Однако все были так пьяны, что для них не стоило тратить слов, и, презрительно усмехнувшись, он повернулся к королю как к единственному достойному поддержать с ним беседу.
— Но, чтобы похоронить, надо сначала убить, — заметил тот.
— Можно похоронить и живых людей, — заявил Аратов.
— Как же это? Я вас не понимаю.
— А вашему величеству интересно было бы знать это? Извольте! Я, пожалуй, удовлетворю любопытство вашего величества. До сегодняшнего дня мне казалось невозможным выдать мою тайну кому бы то ни было, но вышло иначе. Почему — не спрашивайте лучше, я сам этого не знаю. Мы многого не знаем, ваше величество, а меньше всего — самих себя. Какую я, однако, сказал пошлость! Нет философа из древних и новых, который так или иначе не высказал бы этой мысли, а мне кажется, что открыл эту избитую истину я! Очень глупо! — Аратов задумался и машинальным движением протянул руку к стоявшему перед ним кубку. Но тот был пуст, и, прикоснувшись к нему губами, он поставил его на место. Затем, встретившись глазами с глазами короля, он снова заговорил: — Вы ждете продолжения моего рассказа, государь! Хорошо, я вам все скажу. Слушайте же. Не бойтесь, они все пьяны и ничего не поймут. К тому же у каждого из них своя тайна и пострашнее моей, — продолжал он, подметив тревожный взгляд, брошенный королем на остальную компанию.

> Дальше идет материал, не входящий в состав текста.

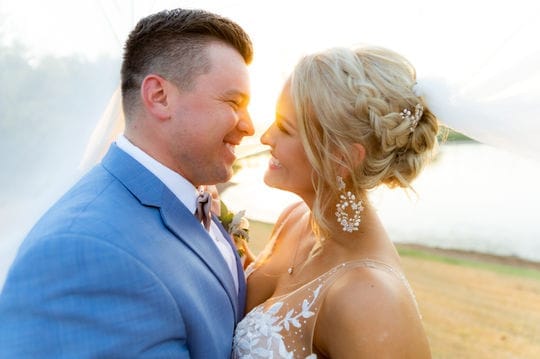Couple smiling face to face at sunset beside a lake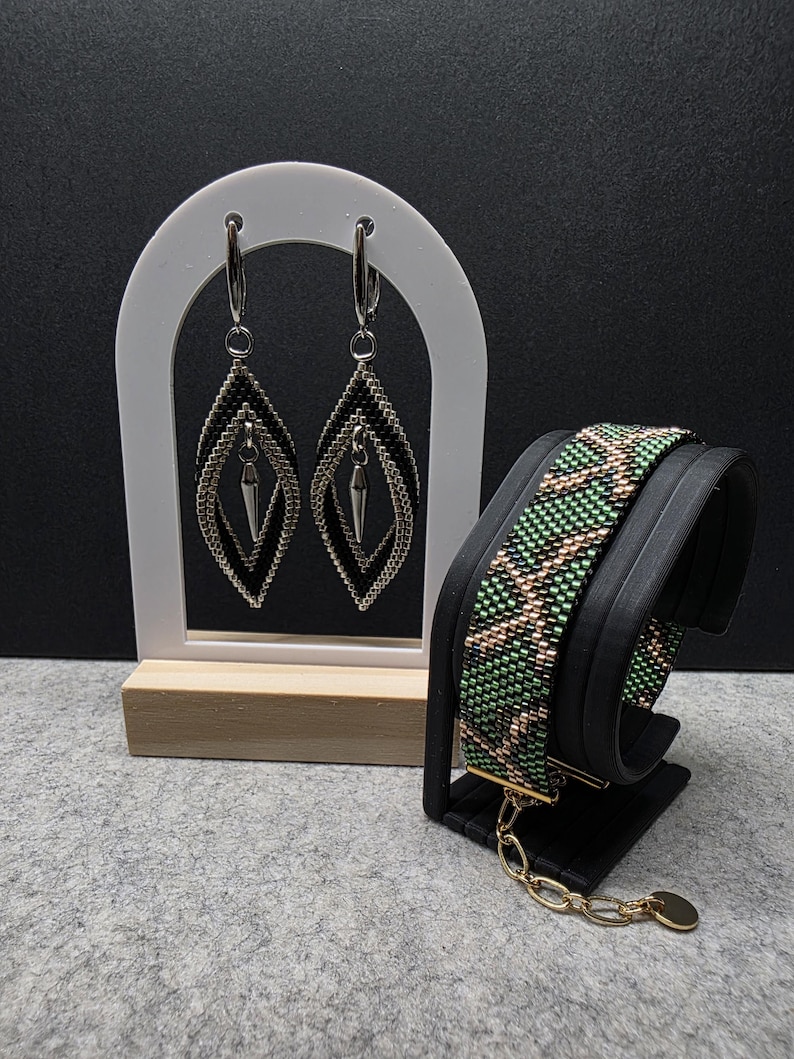 Op de afbeelding: Een paar ruitvormige kralenoorbellen met zwarte en zilveren kraaltjes en een zilveren puntvormige bedel, naast een brede kralenarmband met een groen, zwart en goudkleurig geometrisch patroon en een goudkleurige kettingverlenger.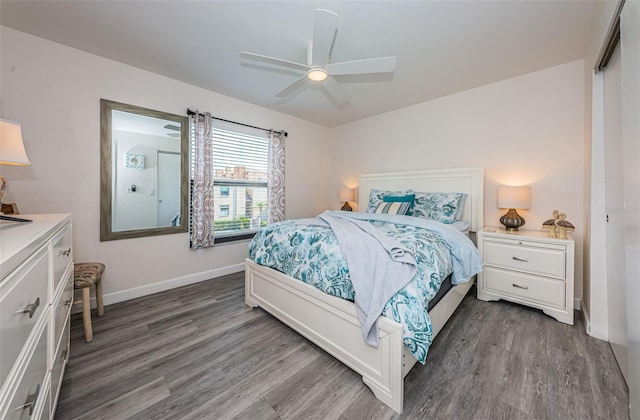 bedroom with dark hardwood / wood-style floors and ceiling fan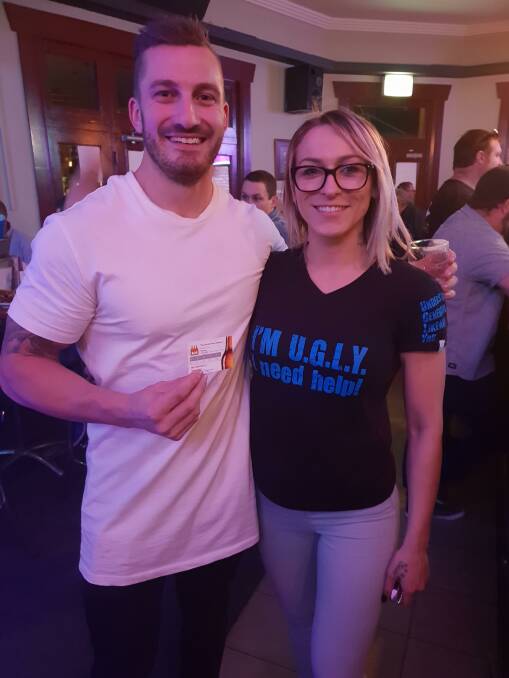 HERE TO HELP: U.G.L.Y. bartender Lily Pinner (right) with her partner Alex Warren. The pair are keen for this weekend's Leukemia Foundation fundraiser.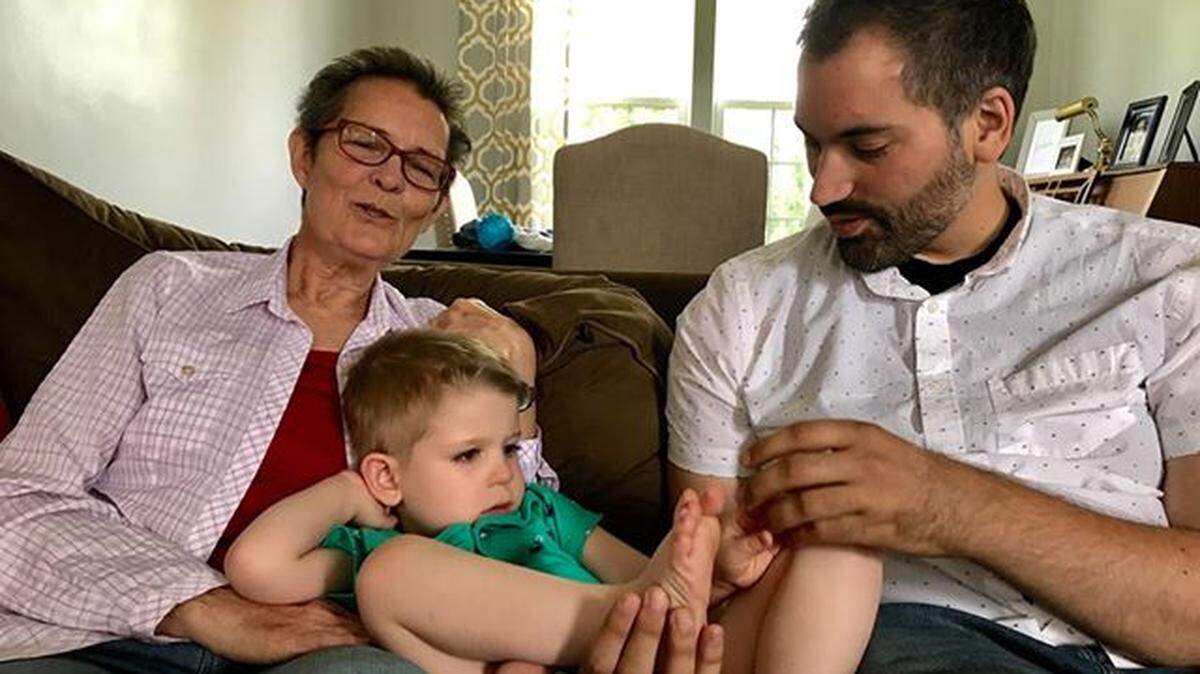 Carlos Romero, right, with Linda Taylor, left, and Noah Linsky, center, who supported Romero when he competed in the ParaClimbing World Championship. Romero, who was diagnosed with facioscapulohumeral muscular dystrophy (FSHD) when he was 28, inspires 5-year-old Noah, who has infantile FSHD.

В ней действительно никто не был в состоянии понимать то, что происходило кругом; одни уже свалились под стол и храпели, другие, бессмысленно уставившись друг на Друга посоловевшими глазами, силились что-то выразить невнятным мычанием.
— Да, есть тайны ужаснее моей, — продолжал между тем Аратов. — То, что я сделал, даже и преступлением нельзя назвать, и мне кажется, что когда меня будут судить, мои судьи буду в затруднении.